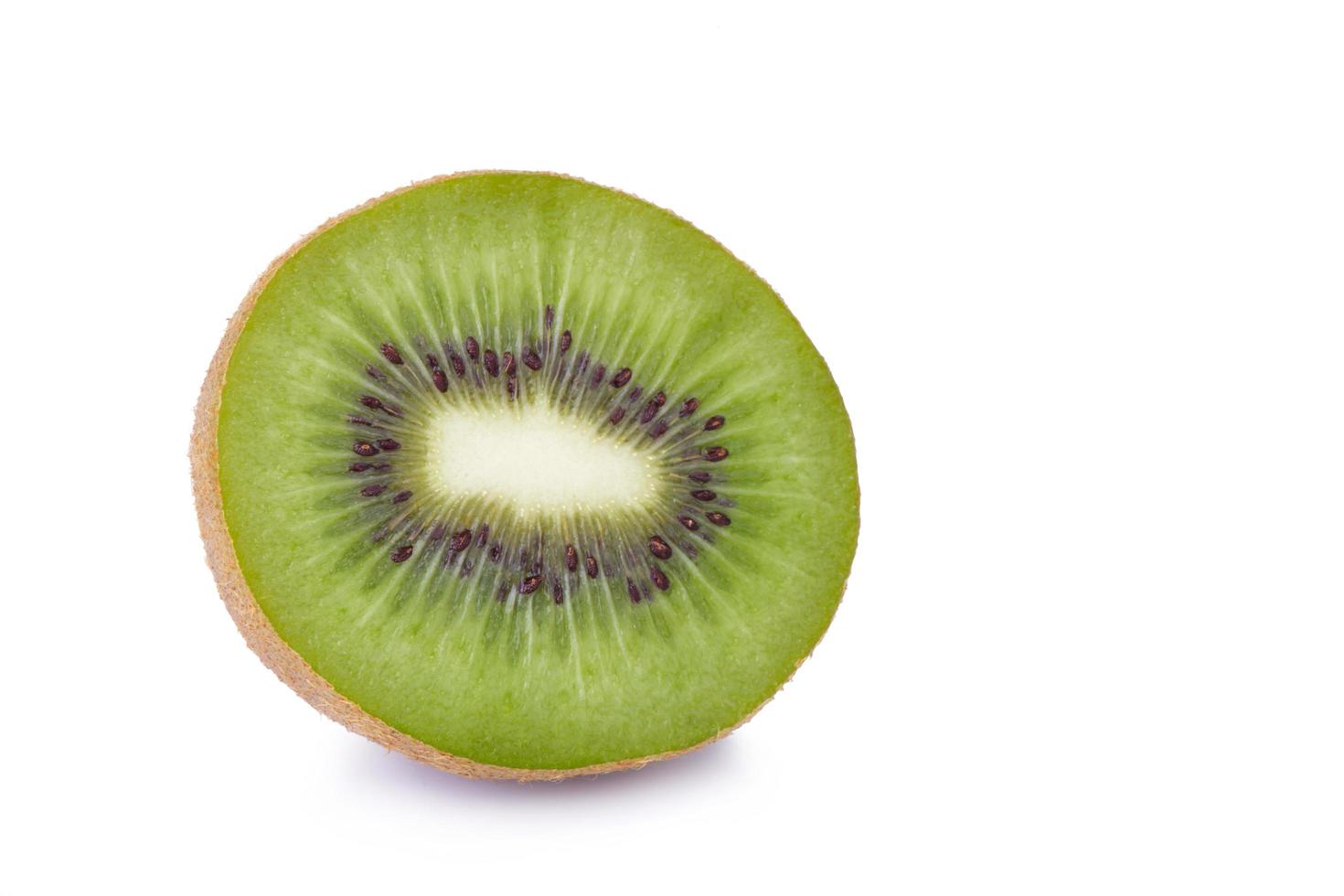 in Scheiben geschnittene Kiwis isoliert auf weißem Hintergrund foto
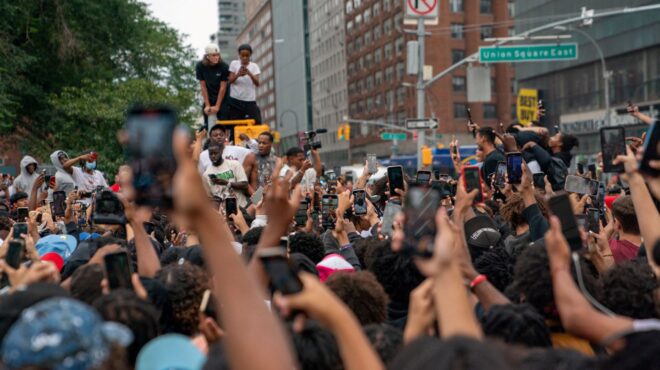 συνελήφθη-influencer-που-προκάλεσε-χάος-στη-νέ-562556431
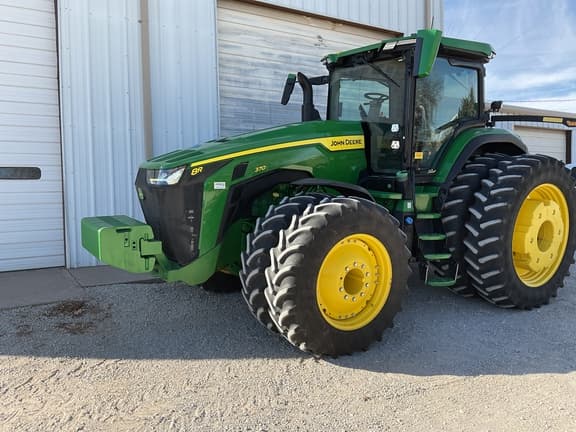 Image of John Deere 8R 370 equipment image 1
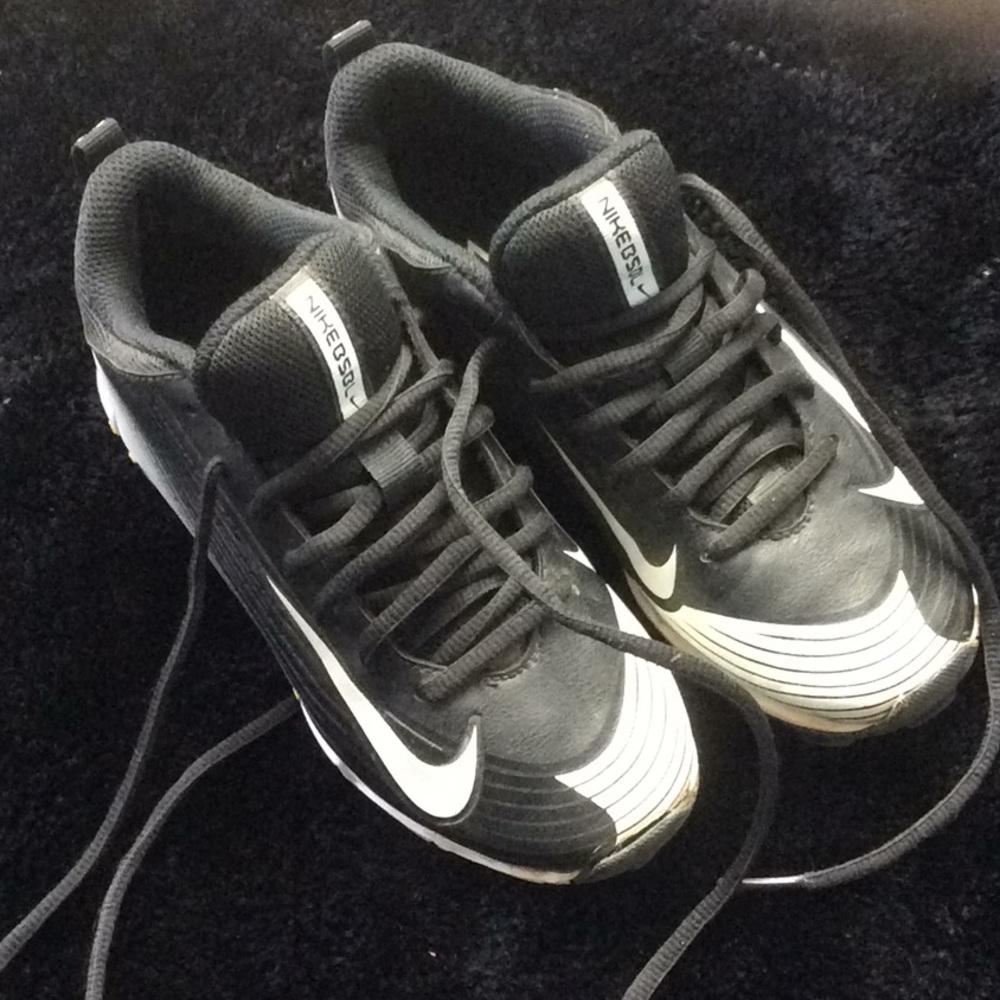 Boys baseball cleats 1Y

**Work to be completed**.
All that should be printed is the lines from the one containing "Image of John Deere 8R 370 equipment image 1" through the last line of the material above, both ends included, exactly as they stand; please skip the pictures.

**Answer to the problem**.
 Image of John Deere 8R 370 equipment image 1
 Boys baseball cleats 1Y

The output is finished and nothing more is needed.